• _WORK TO BE COMPLETED_:
Retype exactly the span of lines below from the one with "Hunan-style Pork with Chili" through the one with "[04/03/2010] Screenshot aus Anno 1404.". Do not include pictures.

• _STUDY MATERIAL_:
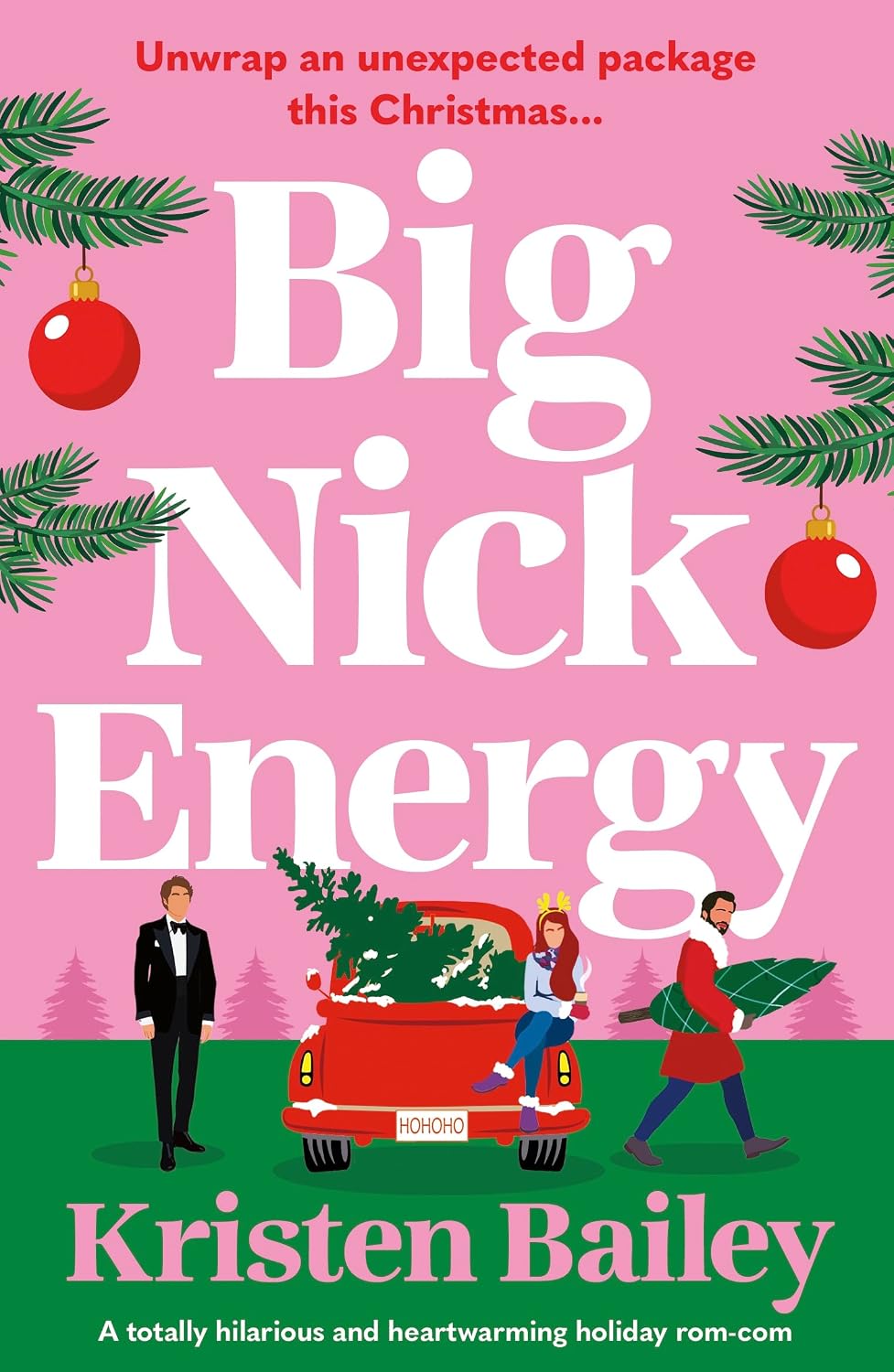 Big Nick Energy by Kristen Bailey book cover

---

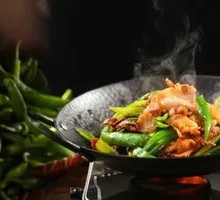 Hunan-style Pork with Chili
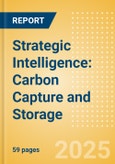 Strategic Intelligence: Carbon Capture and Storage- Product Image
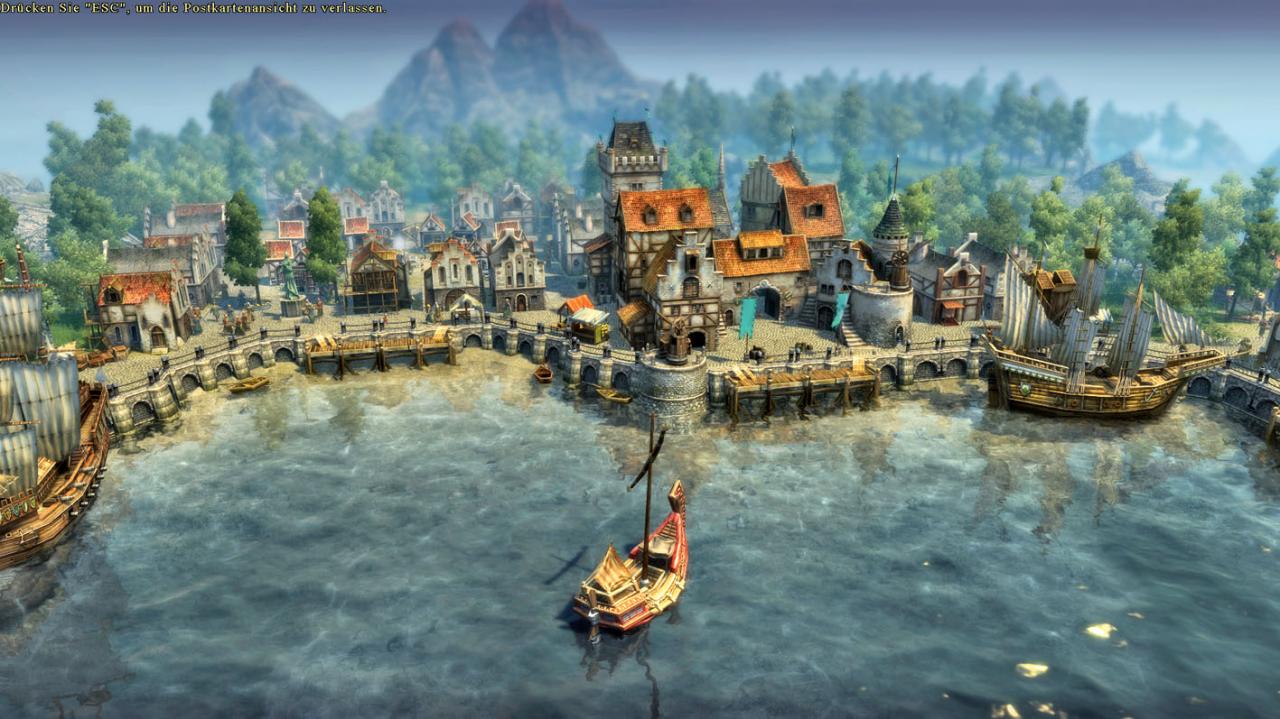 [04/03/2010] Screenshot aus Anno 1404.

==

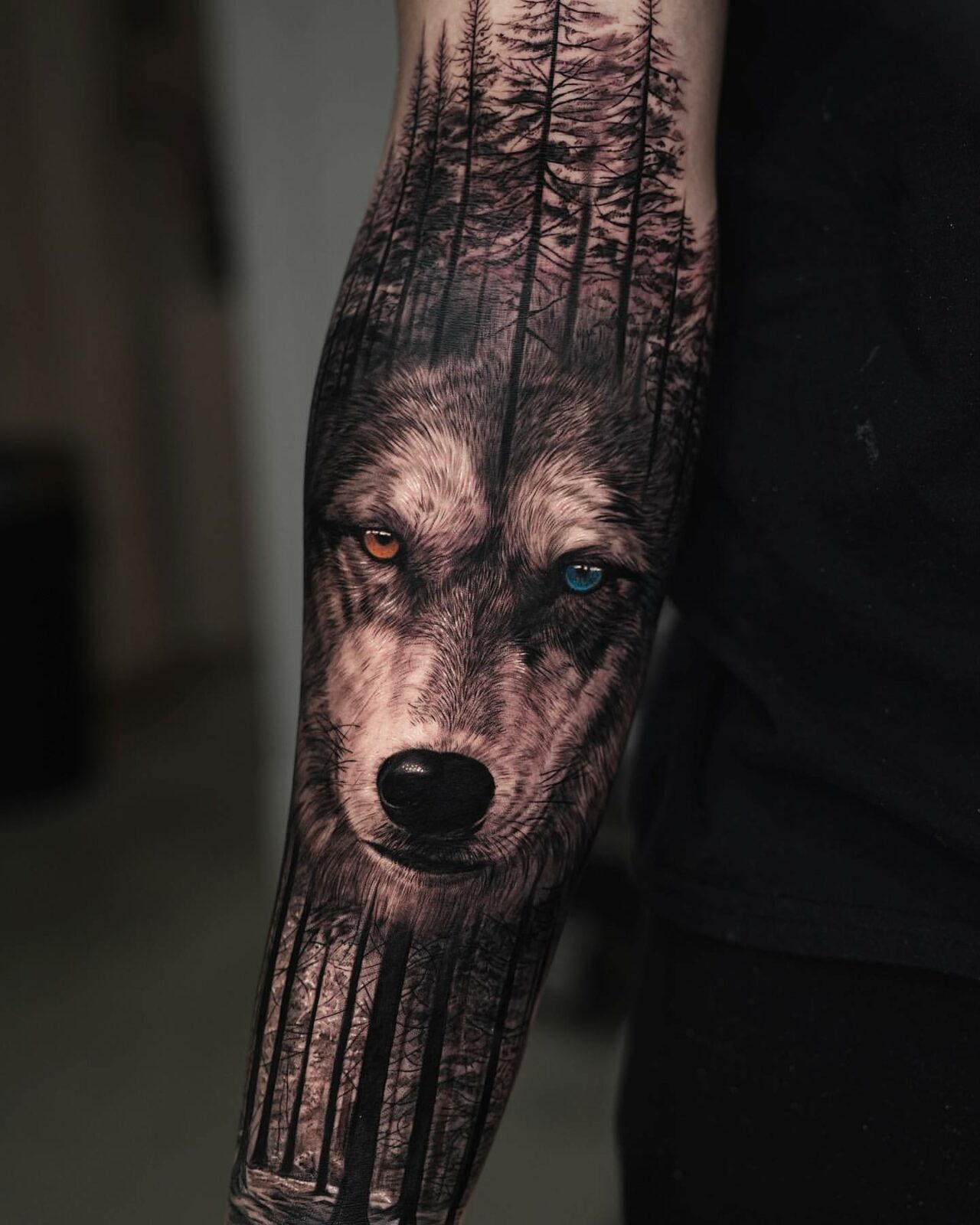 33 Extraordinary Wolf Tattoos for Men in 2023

• _TASK RESPONSE_:
 Hunan-style Pork with Chili
 Strategic Intelligence: Carbon Capture and Storage- Product Image
 [04/03/2010] Screenshot aus Anno 1404.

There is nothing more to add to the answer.